Exercise directions: Nothing but the lines from the one showing "6 Cranwell Manor Se, Calgary" through the final line of the data below belongs in the answer, duplicated exactly and without pictures.

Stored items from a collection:
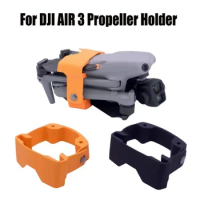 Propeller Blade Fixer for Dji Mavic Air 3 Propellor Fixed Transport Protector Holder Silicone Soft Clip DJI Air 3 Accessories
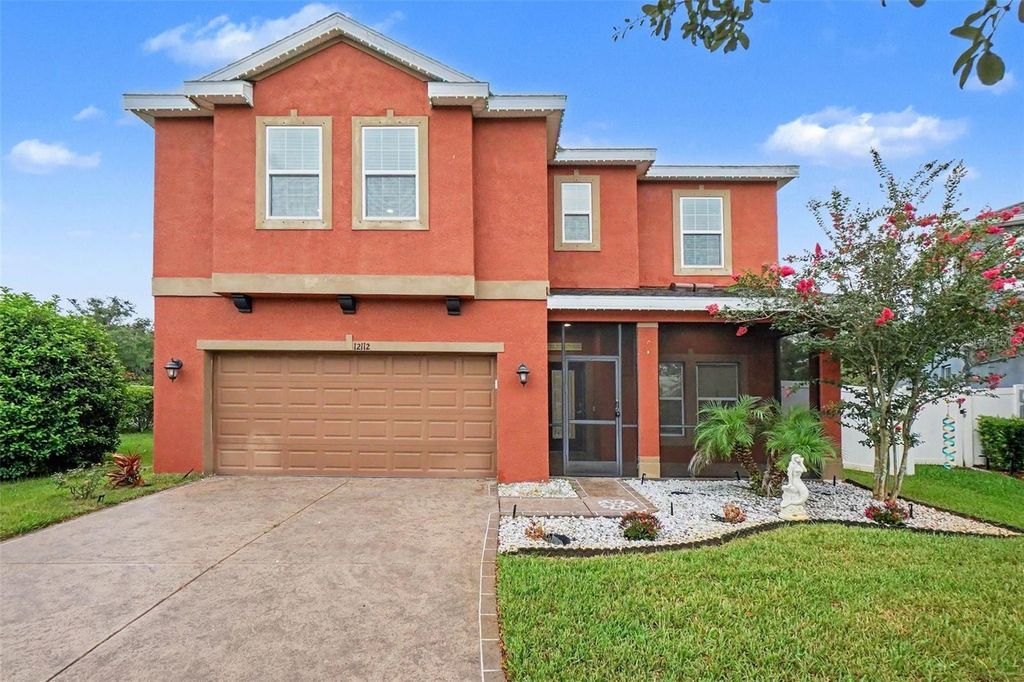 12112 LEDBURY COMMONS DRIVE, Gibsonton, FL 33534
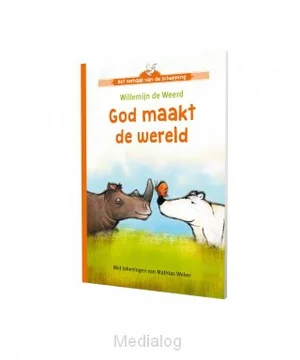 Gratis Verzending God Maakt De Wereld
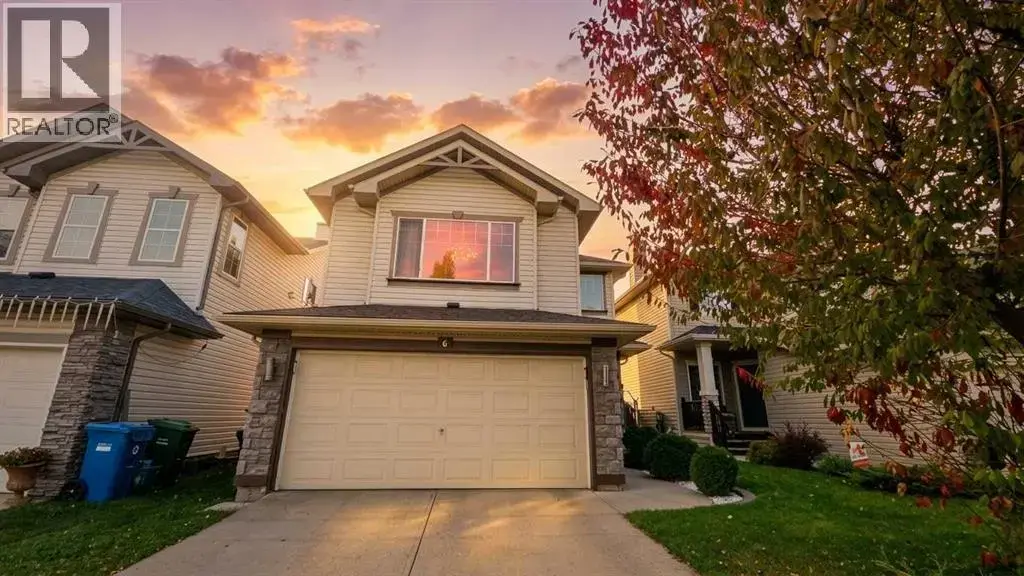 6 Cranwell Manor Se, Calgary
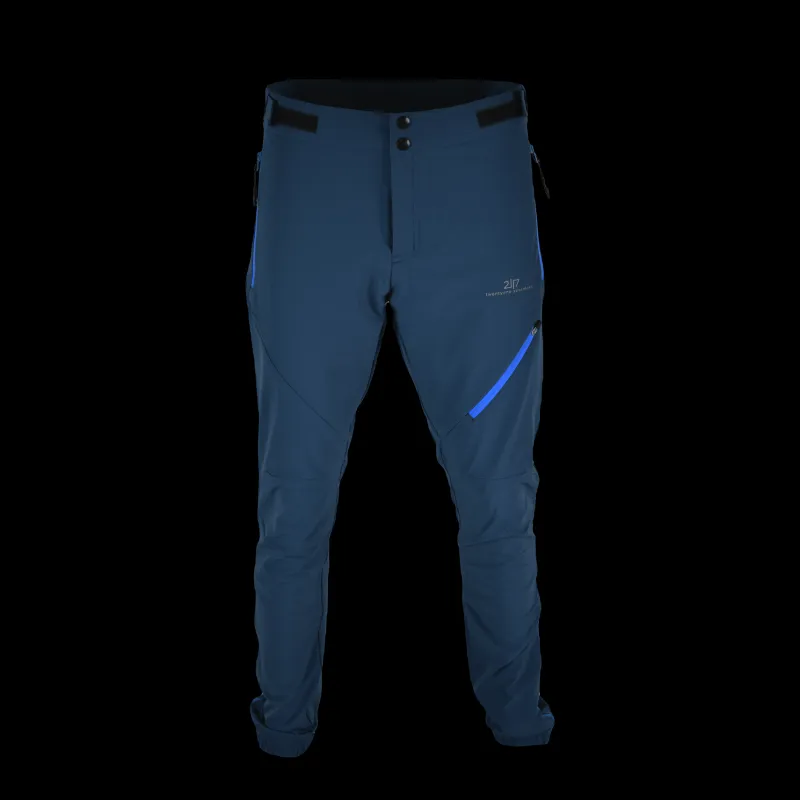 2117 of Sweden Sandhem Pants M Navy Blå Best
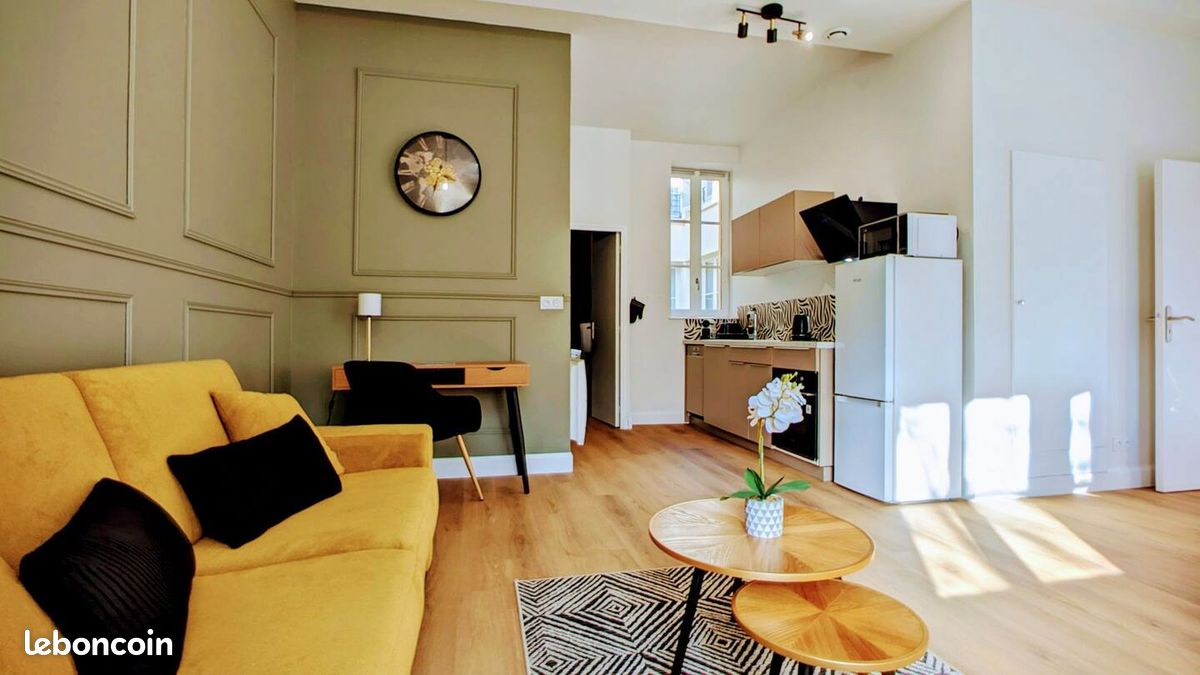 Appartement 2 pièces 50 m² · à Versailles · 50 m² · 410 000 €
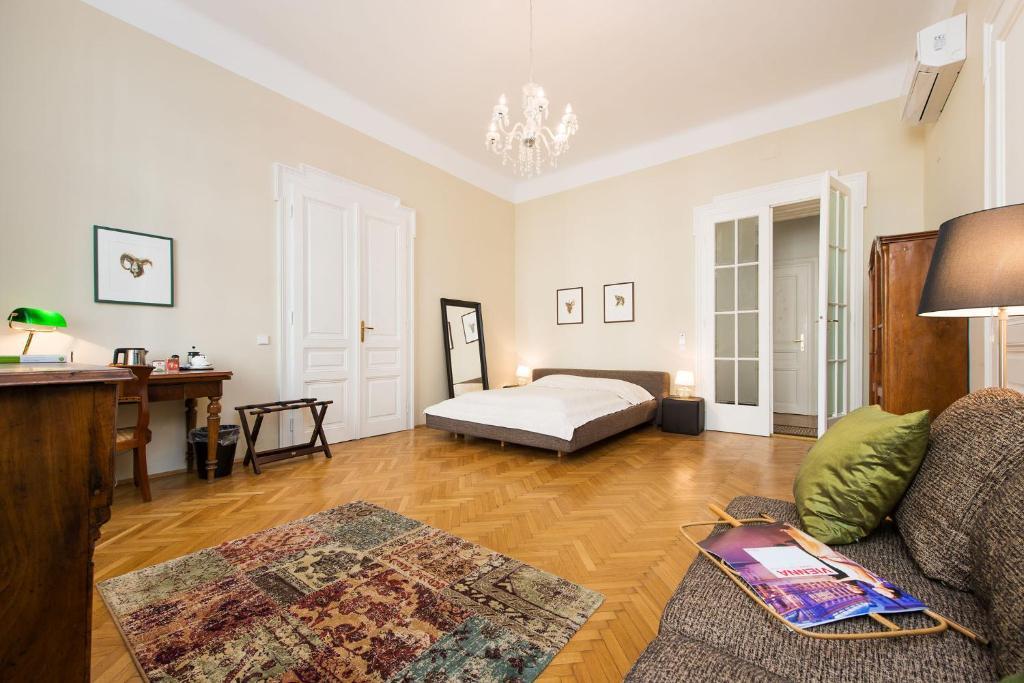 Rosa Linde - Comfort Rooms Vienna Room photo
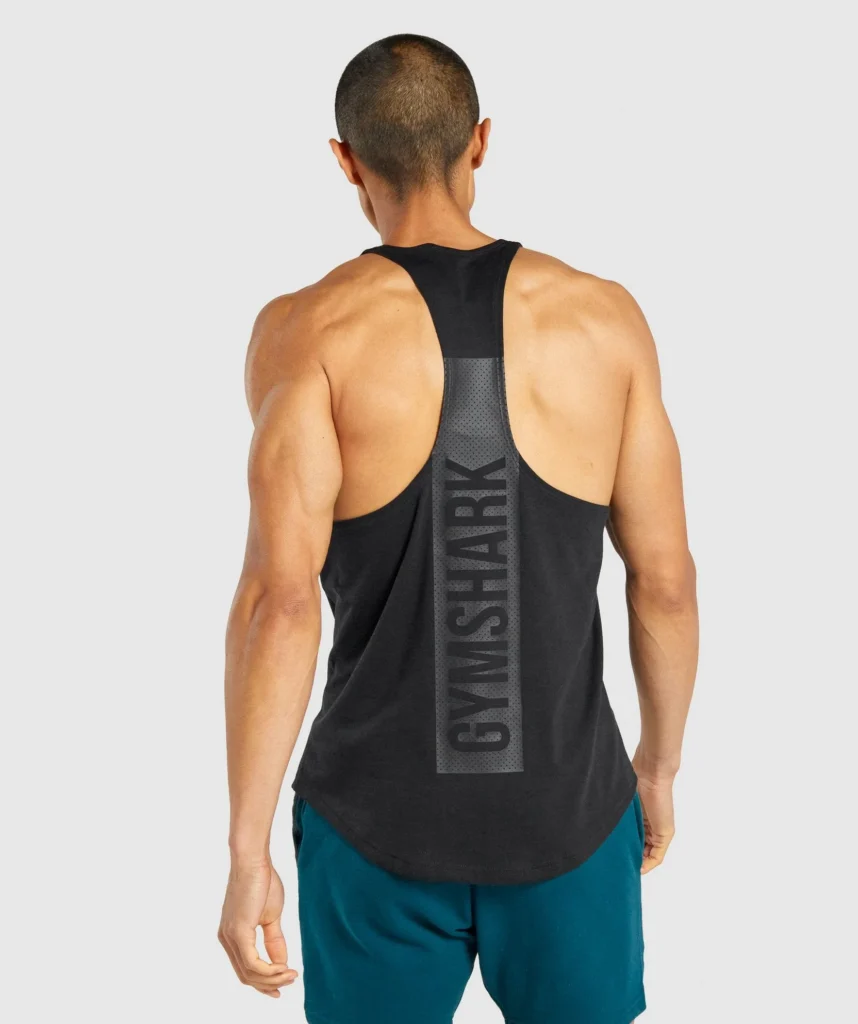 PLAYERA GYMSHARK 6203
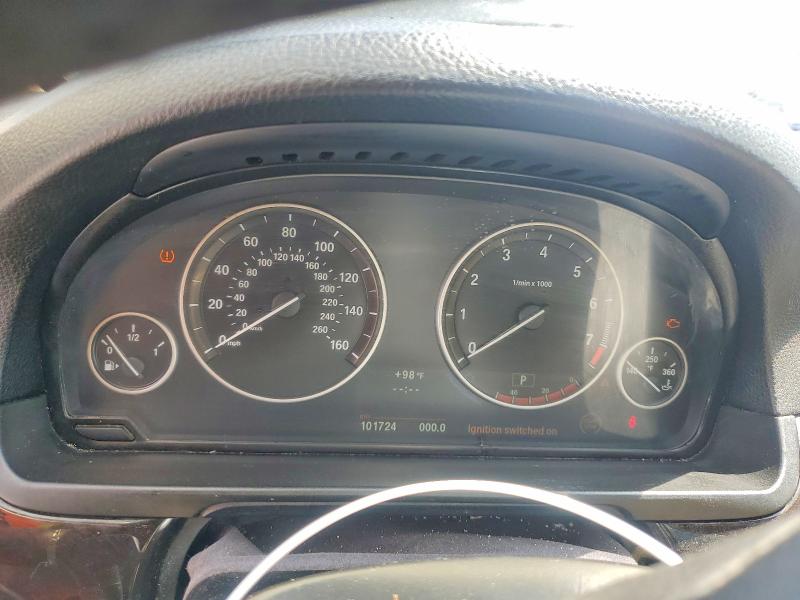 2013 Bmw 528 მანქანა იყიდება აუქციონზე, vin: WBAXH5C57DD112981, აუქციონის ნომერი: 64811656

Task response:
 6 Cranwell Manor Se, Calgary
 2117 of Sweden Sandhem Pants M Navy Blå Best
 Appartement 2 pièces 50 m² · à Versailles · 50 m² · 410 000 €
 Rosa Linde - Comfort Rooms Vienna Room photo
 PLAYERA GYMSHARK 6203
 2013 Bmw 528 მანქანა იყიდება აუქციონზე, vin: WBAXH5C57DD112981, აუქციონის ნომერი: 64811656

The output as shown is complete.